**Task to carry out**
Your task is to transcribe all of the records exactly and leave out the pictures.

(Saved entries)
──────────
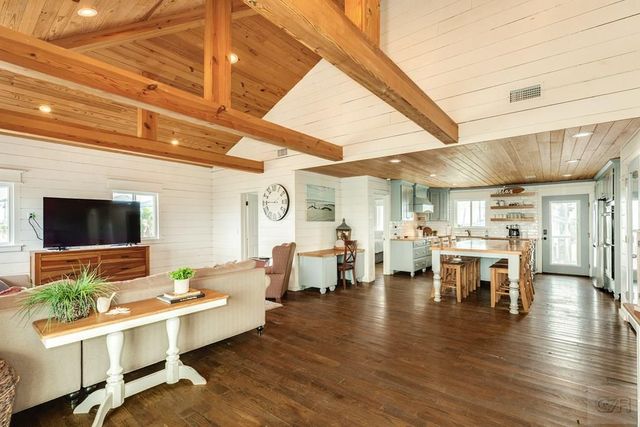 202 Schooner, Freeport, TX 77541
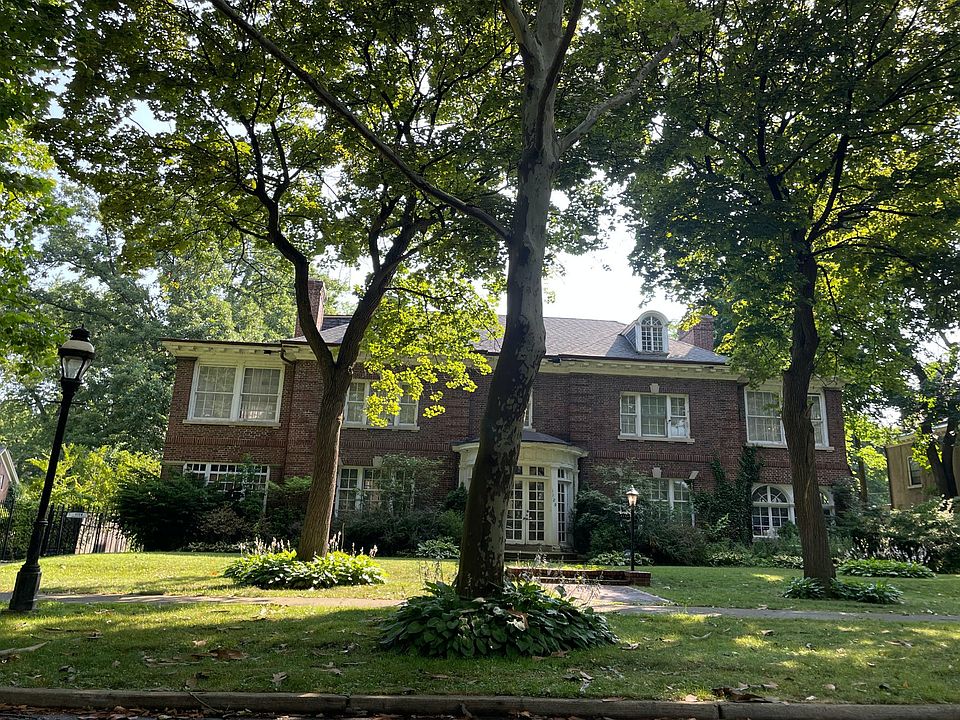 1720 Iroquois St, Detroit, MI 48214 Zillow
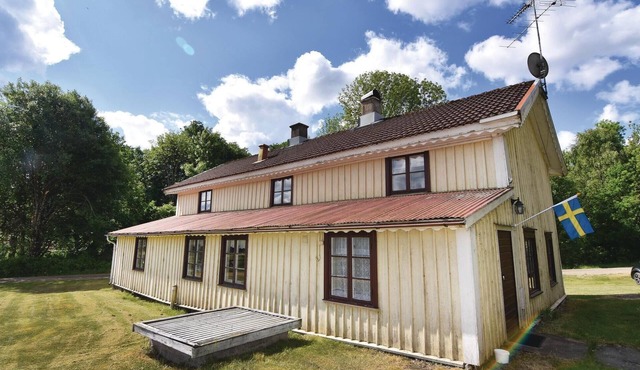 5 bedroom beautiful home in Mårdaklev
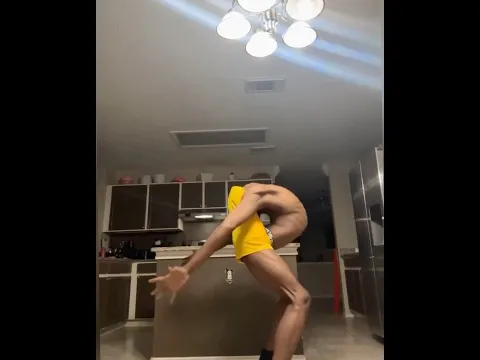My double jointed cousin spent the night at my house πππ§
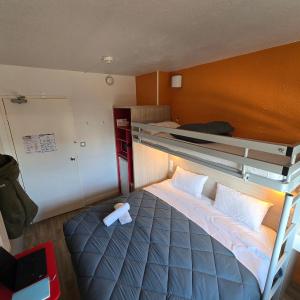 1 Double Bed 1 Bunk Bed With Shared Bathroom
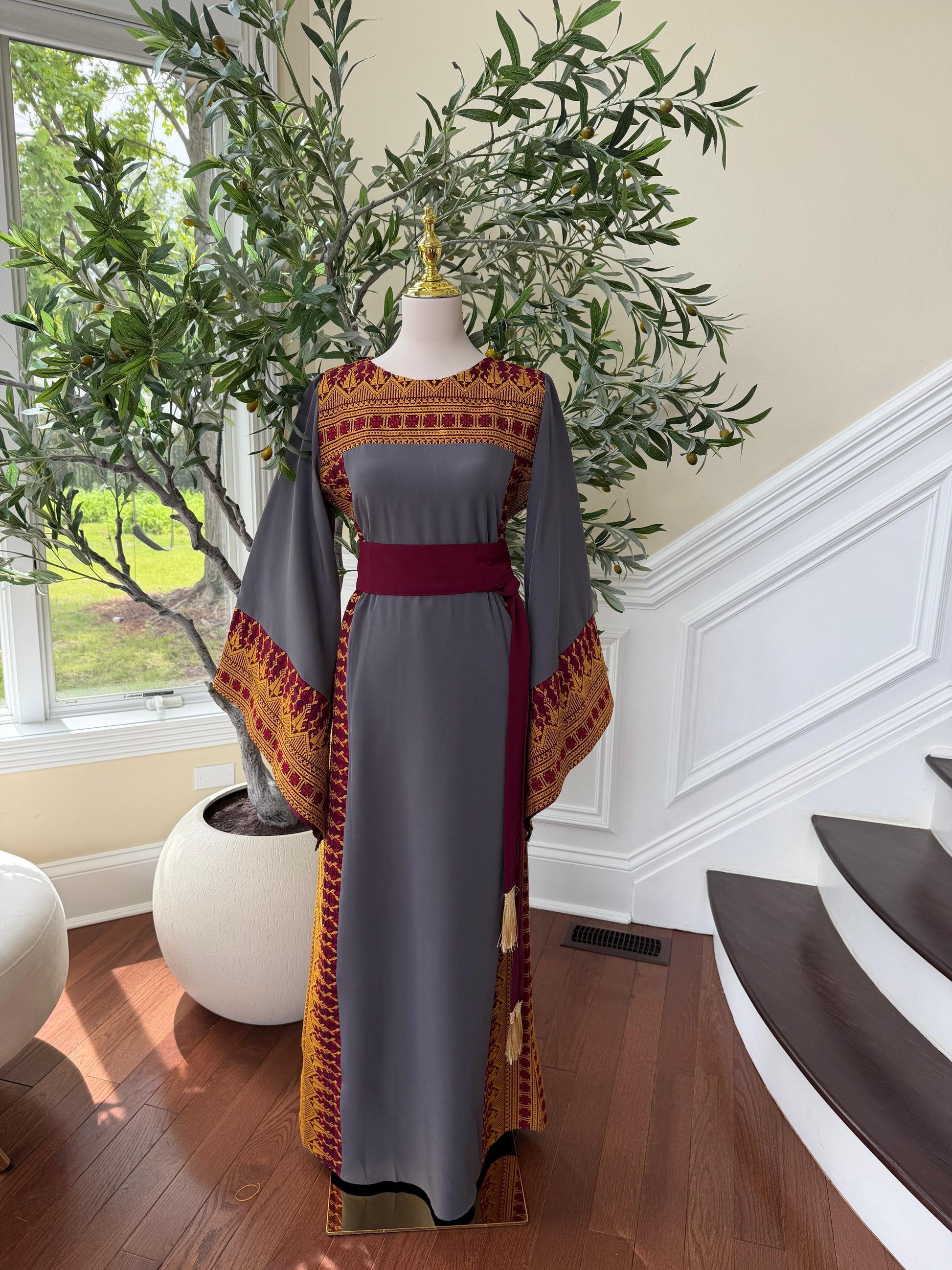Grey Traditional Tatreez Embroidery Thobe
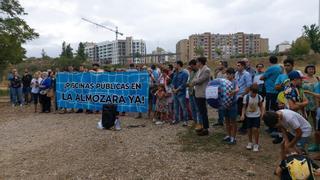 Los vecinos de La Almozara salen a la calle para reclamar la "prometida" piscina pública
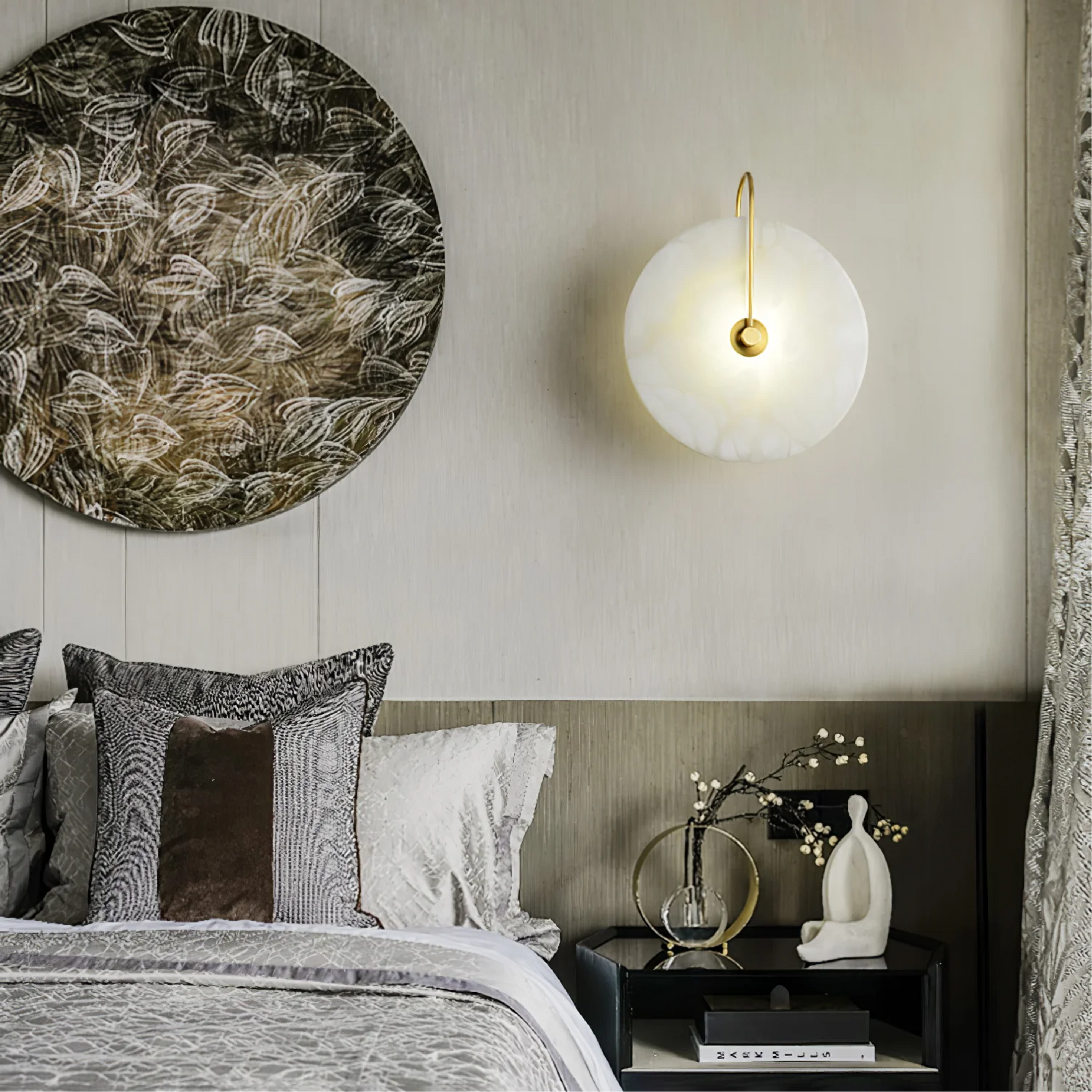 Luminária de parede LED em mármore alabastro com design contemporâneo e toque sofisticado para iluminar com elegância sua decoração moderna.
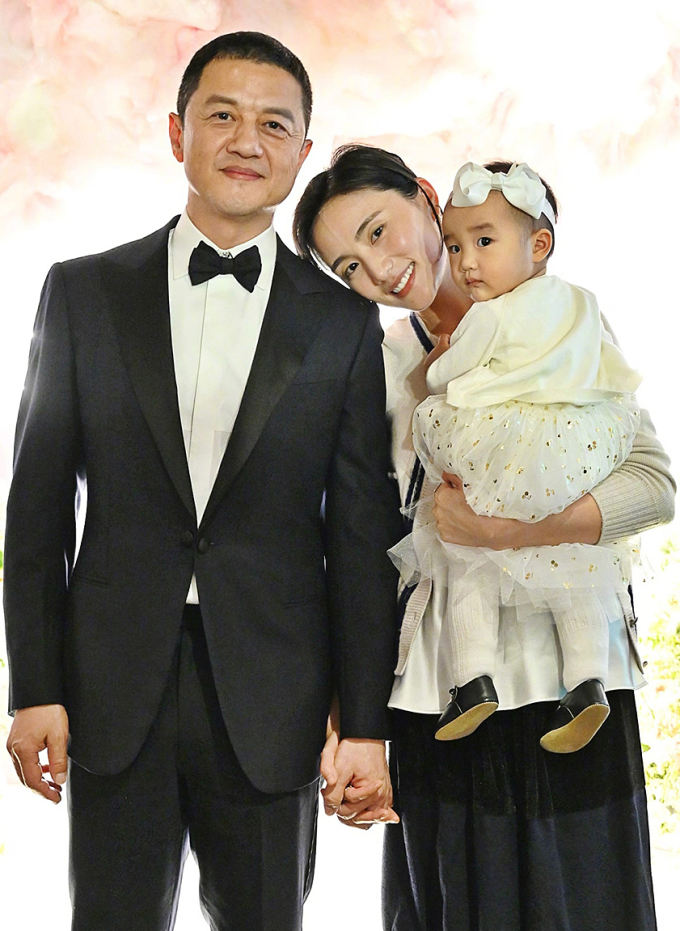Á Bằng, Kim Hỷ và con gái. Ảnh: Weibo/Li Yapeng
──────────
**Answer to this problem**
 202 Schooner, Freeport, TX 77541
 1720 Iroquois St, Detroit, MI 48214 Zillow
 5 bedroom beautiful home in Mårdaklev
My double jointed cousin spent the night at my house πππ§
 1 Double Bed 1 Bunk Bed With Shared Bathroom
Grey Traditional Tatreez Embroidery Thobe
 Los vecinos de La Almozara salen a la calle para reclamar la "prometida" piscina pública
 Luminária de parede LED em mármore alabastro com design contemporâneo e toque sofisticado para iluminar com elegância sua decoração moderna.
Á Bằng, Kim Hỷ và con gái. Ảnh: Weibo/Li Yapeng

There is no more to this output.